Best Practices - Dynamic Reconfiguration
- by jsavit
This post is one of a series of "best practices" notes for Oracle VM Server for SPARC (formerly named Logical Domains)
Overview of dynamic Reconfiguration
Oracle VM Server for SPARC supports Dynamic Reconfiguration (DR), making it possible to add or remove
resources to or from a domain (virtual machine) while it is running.
This is extremely useful because resources can be shifted to or from virtual machines in response to
load conditions without having to reboot or interrupt running applications.
For example, if an application requires more CPU capacity,
you can add CPUs to improve performance, and remove them when they are no longer needed.

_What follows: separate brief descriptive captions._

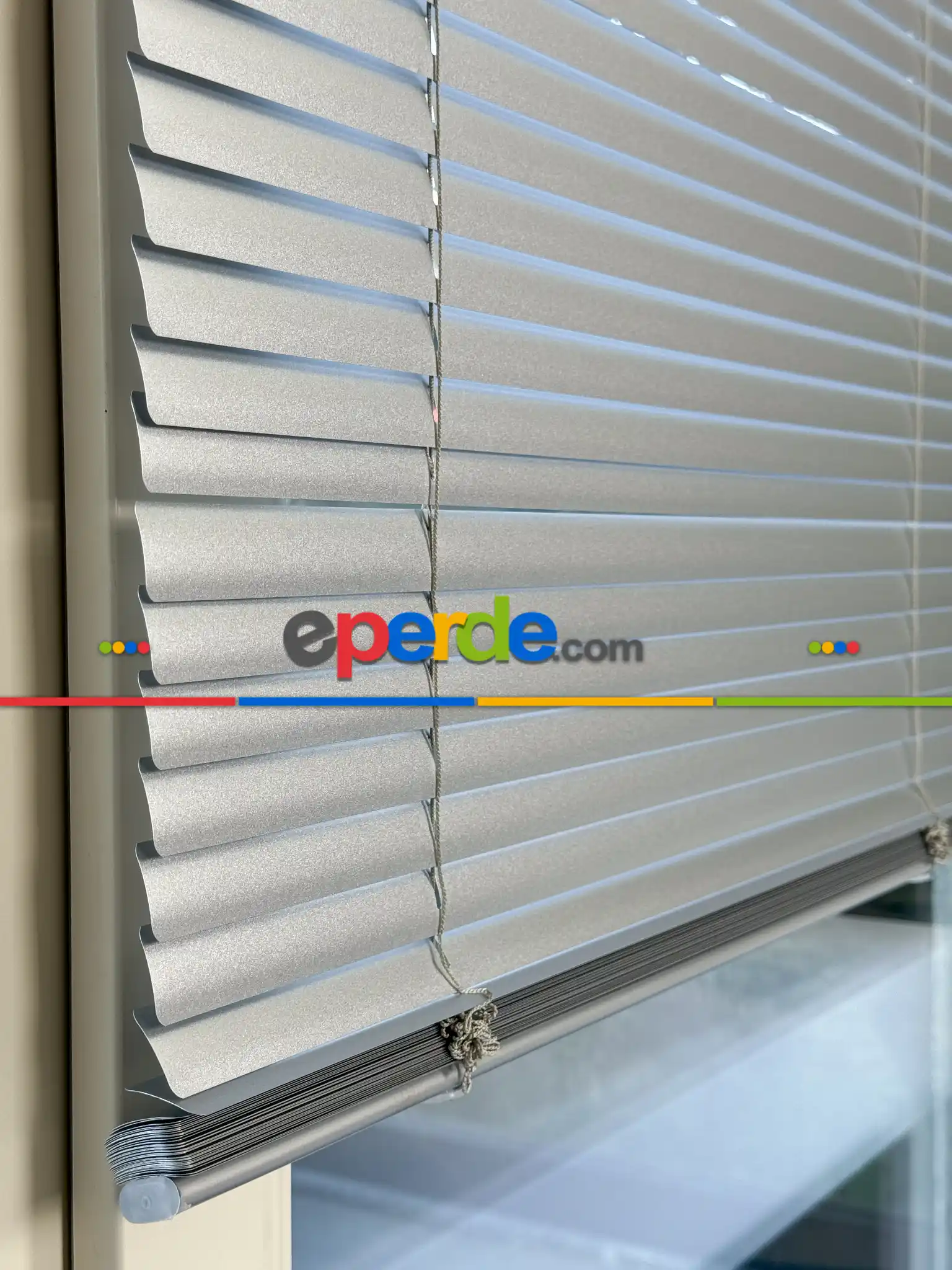 Açık Metalik Gümüş Alüminyum Jaluzi Perde - 25mm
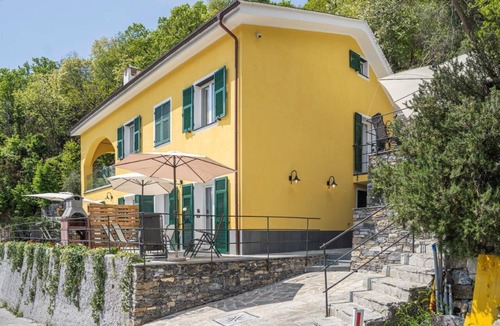 Moneglia Apartment | VESPA SPRINT APARTMENT Amazing Nature 10' to the beach +PVT Park in City Centre!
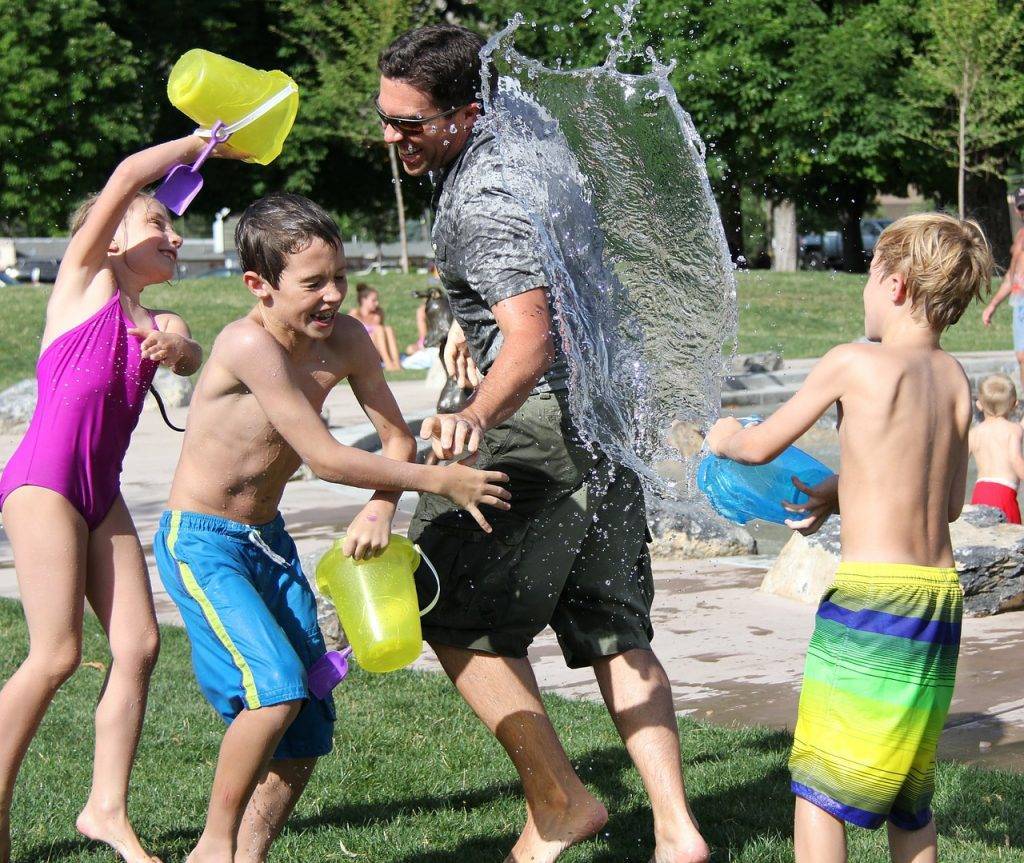 Games to play with kids outside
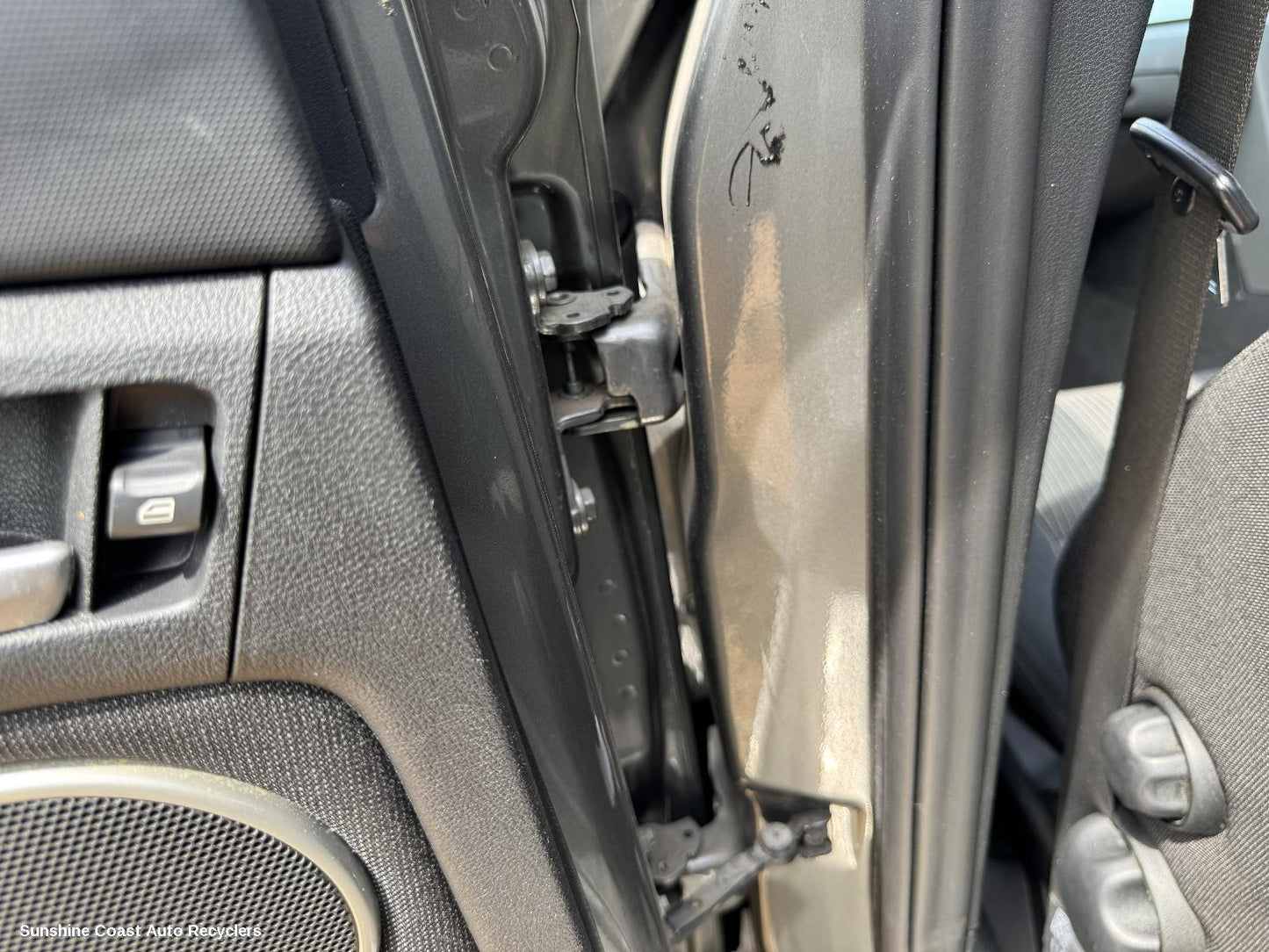 2011 Holden Commodore Pwr Dr Wind Switch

You can use even use Dynamic Resource Management (DRM) policies that automatically add
and remove CPUs to domains based on load.
How it works (in broad general terms)
Dynamic Reconfiguration is done in coordination with Solaris, which recognises a hypervisor request to change its
virtual machine configuration and responds appropriately. In essence, Solaris receives a message saying
"you now have 16 more CPUs numbered 16 to 31" or "8GB more RAM starting at address X" or
"here's a new network or disk device - have fun with it". These actions take very little time.
Solaris then can start using the new resource. In the case of added CPUs, that means dispatching processes
and potentially binding interrupts to the new CPUs. For memory, Solaris adds the new memory pages to its
"free" list and starts using them. Comparable actions occur with network and disk devices: they are recognised
by Solaris and then used.
Removing is the reverse process: after receiving the DR message to free specific CPUs,
Solaris unbinds interrupts assigned to the CPUs and stops dispatching process threads.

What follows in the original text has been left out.